GenerateSaaSAuthentication
Authenticate and authorize users with the @repo/auth Better Auth setup shared across the backend.
@repo/auth wraps Better Auth into a single export const auth (packages/auth/src/config.ts) served through the shared @repo/api backend. Auth is always on - individual capabilities are gated by @repo/config flags and by which OAuth env vars are set.
The Nuxt typed client lives at apps/web-nuxt/app/utils/auth.ts - createAuthClient from better-auth/vue with the organization, twoFactor, magicLink, lastLoginMethod, admin, and passkey plugins, plus the apiKey client plugin (conditional on config.apiKeys?.enabled) and the Stripe and Polar client plugins.
What you get
| Capability | Details |
|---|---|
| Email + password | Always on. 12-128 char passwords; requireEmailVerification: true blocks sign-in until the address is confirmed. |
| Magic link | Passwordless link expiring in 15 minutes (expiresIn: 900). |
| Sessions in Redis | Stored via secondaryStorage, with a 5-minute signed cookie cache (cookieCache.maxAge); lastActiveAt is stamped on session create and update. |
| Session revocation | Deleting a session evicts it from Redis and fires a notifySessionRevoked notification. |
| Self-service account deletion | deleteUser.enabled removes the avatar via @repo/storage and emits a user/deleted Inngest event. |
| Social OAuth | Google, GitHub, Facebook, Discord, and X buttons, each registering only when its env vars are set. |
| 2FA + passkeys | Authenticator-app TOTP, backup codes, and WebAuthn credentials. |
| Roles | Platform UserRole and per-membership OrgRole, enforced by server-side guards. |
| Rate limiting | On by default, backed by Redis. Default 300 req/min per IP, with tighter per-endpoint rules (e.g. 10/min on /sign-in/email, 5/min on /sign-up/email, 3/min on /sign-in/magic-link). |
packages/database/src/db/auth.ts is generated by Better Auth (pnpm auth:generate) - never edit it by hand.
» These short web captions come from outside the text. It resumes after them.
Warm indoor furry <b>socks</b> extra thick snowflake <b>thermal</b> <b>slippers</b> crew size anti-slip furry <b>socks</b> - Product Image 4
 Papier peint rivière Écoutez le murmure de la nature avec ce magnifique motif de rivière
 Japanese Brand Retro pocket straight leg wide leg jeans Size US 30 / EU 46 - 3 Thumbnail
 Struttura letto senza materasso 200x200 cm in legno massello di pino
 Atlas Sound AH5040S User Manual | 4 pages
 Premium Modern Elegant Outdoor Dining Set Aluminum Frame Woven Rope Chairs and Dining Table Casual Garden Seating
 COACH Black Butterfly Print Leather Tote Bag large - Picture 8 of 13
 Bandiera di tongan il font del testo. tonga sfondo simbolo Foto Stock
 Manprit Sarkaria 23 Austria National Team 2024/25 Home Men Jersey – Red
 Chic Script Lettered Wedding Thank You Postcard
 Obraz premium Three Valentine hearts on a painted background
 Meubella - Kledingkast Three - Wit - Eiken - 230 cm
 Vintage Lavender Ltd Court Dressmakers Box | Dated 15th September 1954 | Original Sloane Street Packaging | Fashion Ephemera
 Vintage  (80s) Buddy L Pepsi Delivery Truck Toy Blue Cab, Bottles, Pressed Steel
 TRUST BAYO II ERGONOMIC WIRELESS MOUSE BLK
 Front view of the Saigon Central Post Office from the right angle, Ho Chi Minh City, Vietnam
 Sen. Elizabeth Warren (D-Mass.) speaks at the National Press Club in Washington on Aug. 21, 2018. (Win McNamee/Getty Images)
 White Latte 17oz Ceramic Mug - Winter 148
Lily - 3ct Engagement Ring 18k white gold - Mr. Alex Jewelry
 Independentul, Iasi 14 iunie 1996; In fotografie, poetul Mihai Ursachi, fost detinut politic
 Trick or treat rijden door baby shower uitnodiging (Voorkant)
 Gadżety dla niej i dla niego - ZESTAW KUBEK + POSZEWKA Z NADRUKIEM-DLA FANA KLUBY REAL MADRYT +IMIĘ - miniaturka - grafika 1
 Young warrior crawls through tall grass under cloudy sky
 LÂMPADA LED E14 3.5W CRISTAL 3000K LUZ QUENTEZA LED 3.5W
Add user columns under user.additionalFields in packages/auth/src/config.ts, then regenerate.
Account deletion cascade
Deletion runs beforeDelete (avatar cleanup) then afterDelete (Inngest event + admin notify), and Postgres foreign-key cascades clean up the rest.
| Removed on delete | Where |
|---|---|
| Avatar | @repo/storage via deleteFile |
| accounts, passkeys | DB cascade |
| members, invitations | DB cascade |
| twoFactors | DB cascade |
| Sessions | Evicted from Redis - not a Postgres table, not part of the cascade |
Explore
Social OAuth
Provider buttons gated by config.auth.socialProviders and env credentials.
Two-factor & passkeys
TOTP, backup codes, and WebAuthn bound to the API origin.
Authorization
UserRole, OrgRole, and the server-side guards that enforce them.
Frequently asked questions
Where are sessions stored?
In Redis through Better Auth secondaryStorage, with a 5-minute signed cookie cache (cookieCache.maxAge). There is no Postgres sessions table, so deleting a user evicts their sessions from Redis rather than via a DB cascade.
How do I add a column to the user record?
Add it under user.additionalFields in packages/auth/src/config.ts, then run pnpm auth:generate to regenerate packages/database/src/db/auth.ts. Never hand-edit the generated file.
How does the Nuxt client read the current session?
Use await authClient.useSession(ssrFetch) for SSR pages and gate user-specific UI inside <ClientOnly>. The ssrFetch helper forwards the cookie header and collapses same-origin absolute URLs to relative paths.
Is captcha part of this?
It ships disabled ({ enabled: false }) until you turn it on. The Better Auth captcha plugin (Cloudflare Turnstile) registers when config.captcha.enabled is true and TURNSTILE_SECRET_KEY is set, scoped to the /sign-up/email, /sign-in/email, /request-password-reset, and /sign-in/magic-link endpoints.